(Exercise inputs Opens)

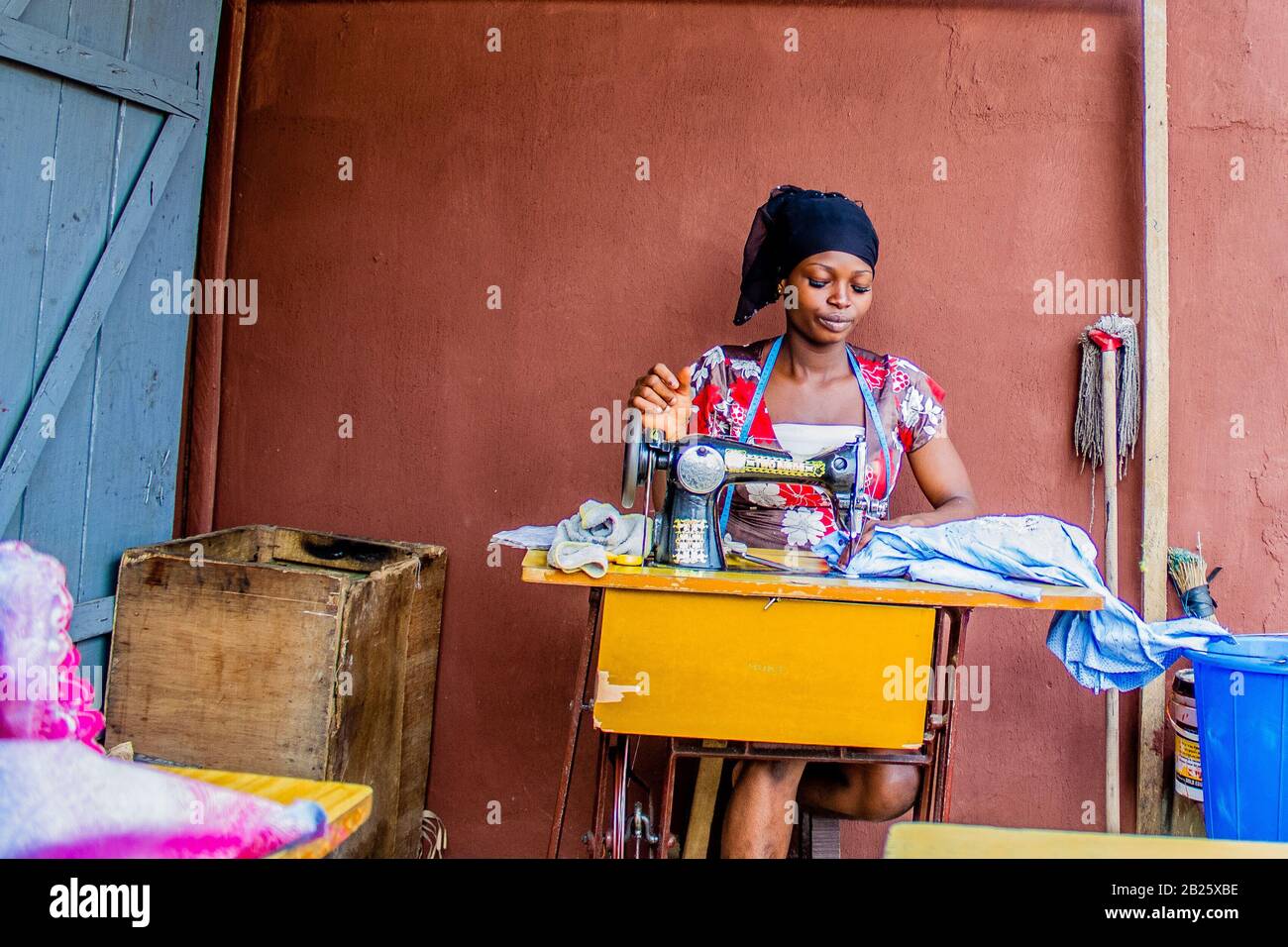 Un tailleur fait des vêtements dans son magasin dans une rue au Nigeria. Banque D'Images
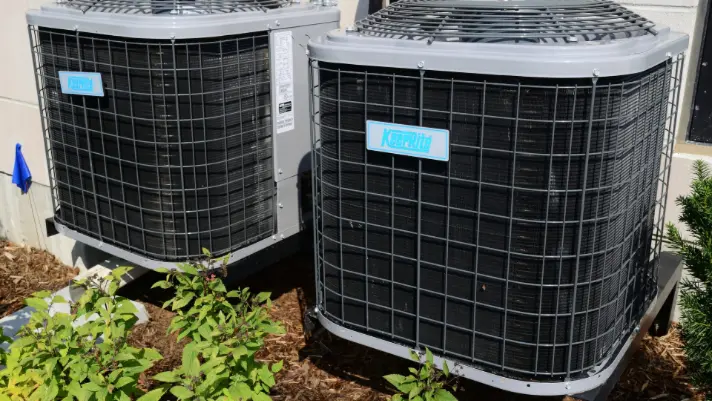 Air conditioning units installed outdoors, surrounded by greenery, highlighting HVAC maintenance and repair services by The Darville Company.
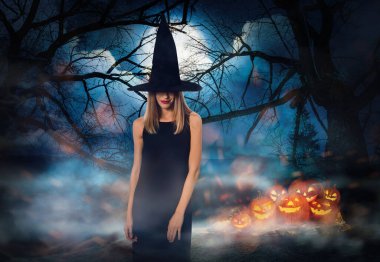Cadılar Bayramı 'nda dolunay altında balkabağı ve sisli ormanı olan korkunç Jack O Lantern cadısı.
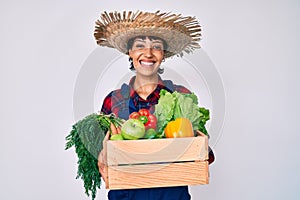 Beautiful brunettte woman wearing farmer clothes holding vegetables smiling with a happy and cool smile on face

(Exercise inputs Closes)
(Exercise inputs Opens)

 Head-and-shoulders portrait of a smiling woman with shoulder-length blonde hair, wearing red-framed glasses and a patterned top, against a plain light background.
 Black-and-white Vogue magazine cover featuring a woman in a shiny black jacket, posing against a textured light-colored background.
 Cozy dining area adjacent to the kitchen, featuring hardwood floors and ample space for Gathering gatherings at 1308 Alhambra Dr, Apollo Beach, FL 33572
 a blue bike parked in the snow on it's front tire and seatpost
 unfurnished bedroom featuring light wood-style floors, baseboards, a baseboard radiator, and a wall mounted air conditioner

(Exercise inputs Closes)
(Exercise inputs Opens)

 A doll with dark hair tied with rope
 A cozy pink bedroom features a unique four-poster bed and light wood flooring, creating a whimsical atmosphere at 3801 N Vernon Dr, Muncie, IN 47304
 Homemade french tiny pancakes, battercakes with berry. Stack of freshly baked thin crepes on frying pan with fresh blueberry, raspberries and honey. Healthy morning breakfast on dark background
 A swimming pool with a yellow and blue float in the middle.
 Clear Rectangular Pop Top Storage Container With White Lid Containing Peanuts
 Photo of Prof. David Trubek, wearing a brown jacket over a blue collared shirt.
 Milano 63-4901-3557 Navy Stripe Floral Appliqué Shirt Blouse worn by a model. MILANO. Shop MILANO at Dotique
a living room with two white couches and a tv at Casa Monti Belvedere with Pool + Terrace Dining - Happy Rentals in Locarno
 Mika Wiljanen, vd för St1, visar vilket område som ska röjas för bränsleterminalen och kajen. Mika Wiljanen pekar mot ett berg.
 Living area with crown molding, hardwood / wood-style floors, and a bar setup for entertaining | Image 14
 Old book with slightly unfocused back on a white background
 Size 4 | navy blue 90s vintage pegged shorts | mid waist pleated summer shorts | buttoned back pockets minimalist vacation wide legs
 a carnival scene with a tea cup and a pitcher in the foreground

(Exercise inputs Closes)

**Problem description**: Above are the records; from them, give again exactly the lines from the one containing "a blue bike" to the one containing "unfurnished bedroom featuring", both lines included, and nothing more.

**Response**:
 a blue bike parked in the snow on it's front tire and seatpost
 unfurnished bedroom featuring light wood-style floors, baseboards, a baseboard radiator, and a wall mounted air conditioner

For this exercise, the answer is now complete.